Commodity Levies (Nelson–Marlborough Dredge Oysters) Order 2001

  • expired
  • Commodity Levies (Nelson–Marlborough Dredge Oysters) Order 2001: expired, on 10 September 2012, by clause 2A.

Reprint
as at 10 September 2012

Coat of Arms of New Zealand

Commodity Levies (Nelson–Marlborough Dredge Oysters) Order 2001

(SR 2001/235)

Silvia Cartwright, Governor-General

Order in Council

At Wellington this 10th day of September 2001

Present:
Her Excellency the Governor-General in Council

  • Commodity Levies (Nelson–Marlborough Dredge Oysters) Order 2001: expired, on 10 September 2012, by clause 2A.


Note

Changes authorised by section 17C of the Acts and Regulations Publication Act 1989 have been made in this reprint.

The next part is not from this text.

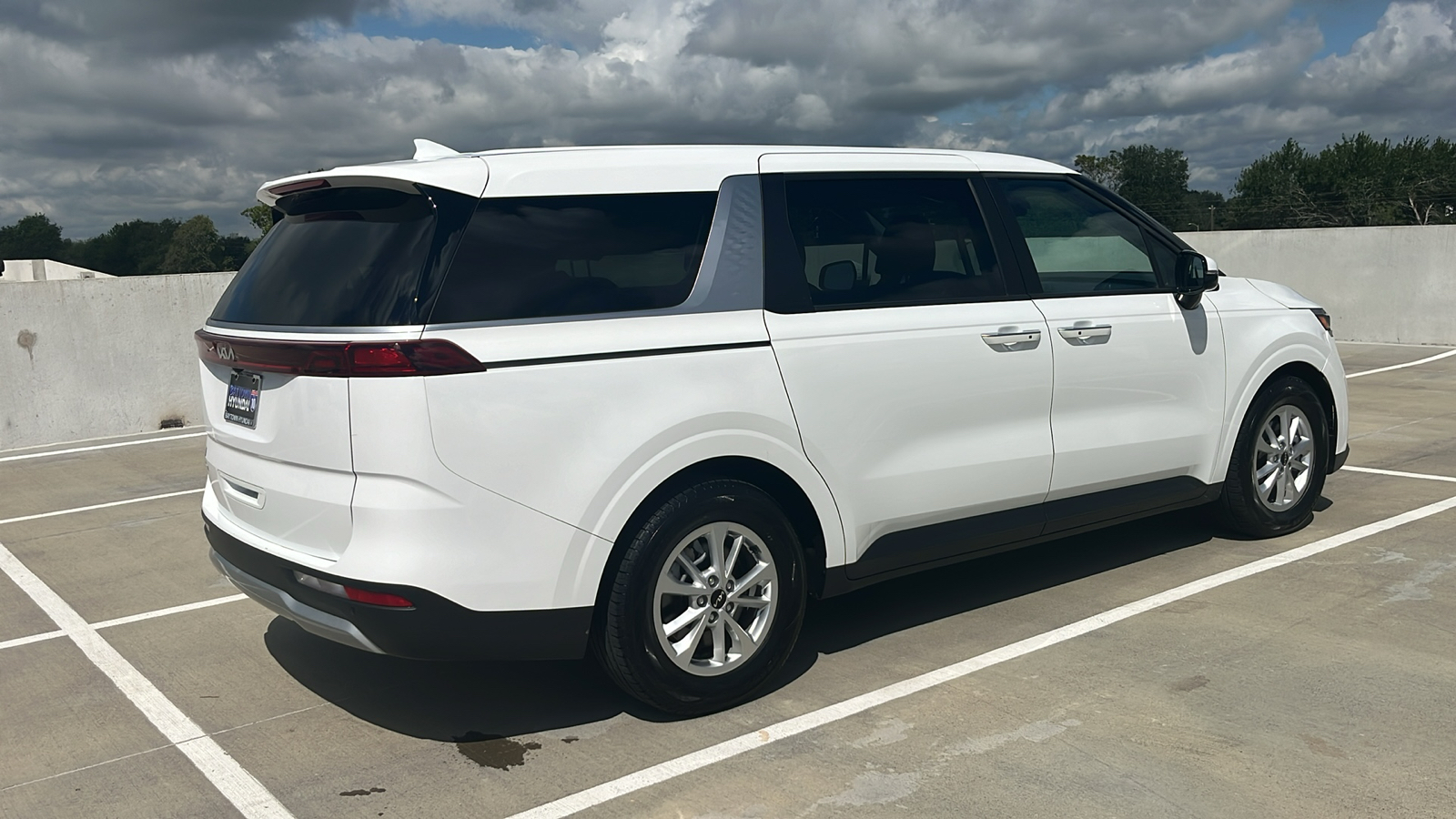 2023 Kia Carnival LX 12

A general outline of these changes is set out in the notes at the end of this reprint, together with other explanatory material about this reprint.

This order is administered by the Ministry of Fisheries.

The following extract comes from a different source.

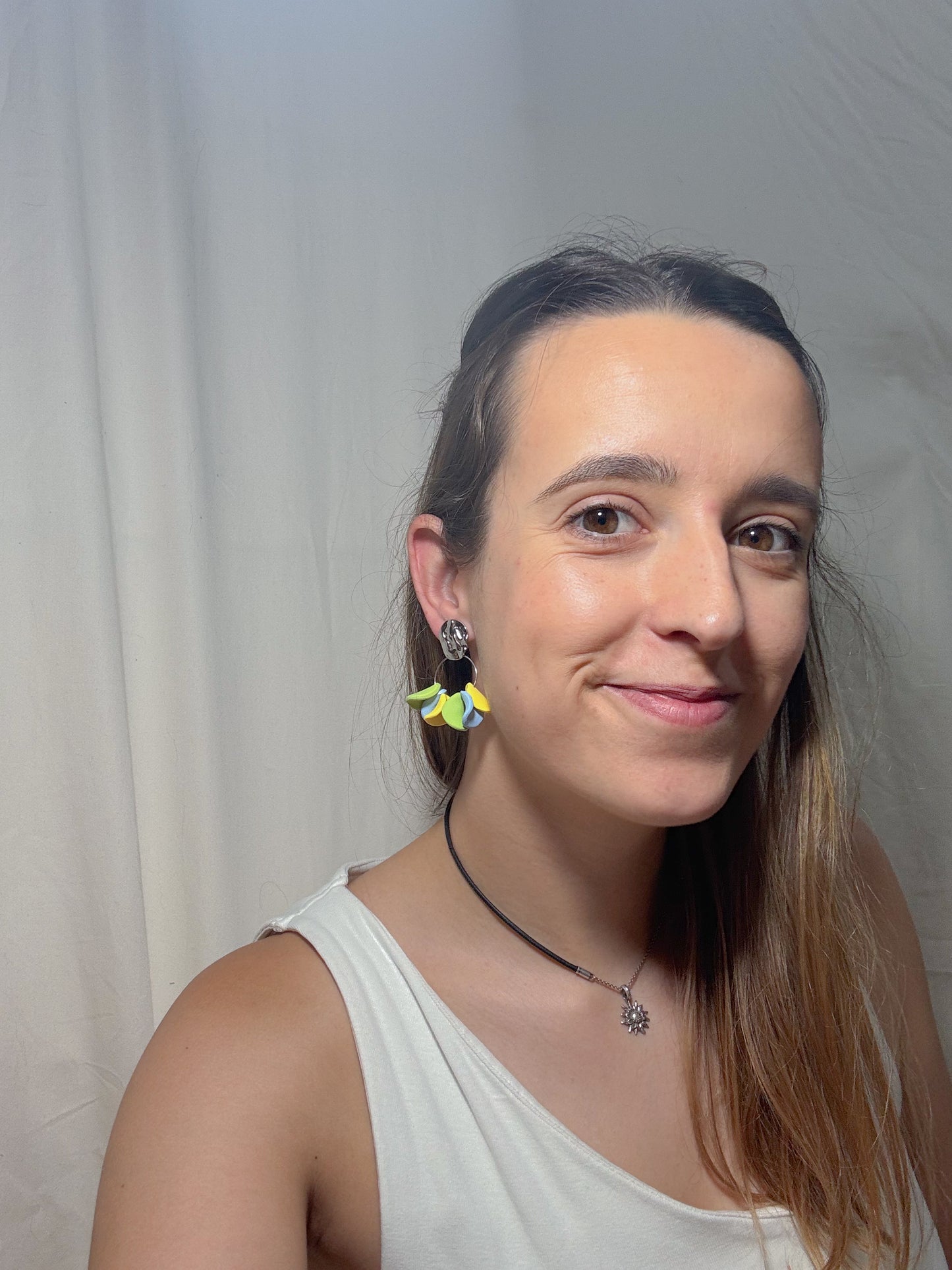 Pendiente pétalo verde, azul y amarillo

Pursuant to section 4 of the Commodity Levies Act 1990 (as applied by section 305 of the Fisheries Act 1996), Her Excellency the Governor-General, acting on the advice and with the consent of the Executive Council and on the recommendation of the Minister of Fisheries, makes the following order.

Order

1 Title
  • This order is the Commodity Levies (Nelson–Marlborough Dredge Oysters) Order 2001.

2 Commencement
  • (1) Clause 8 comes into force on the day after the date of this order's notification in the Gazette.

    (2) The rest of this order comes into force on the 28th day after the date of its notification in the Gazette.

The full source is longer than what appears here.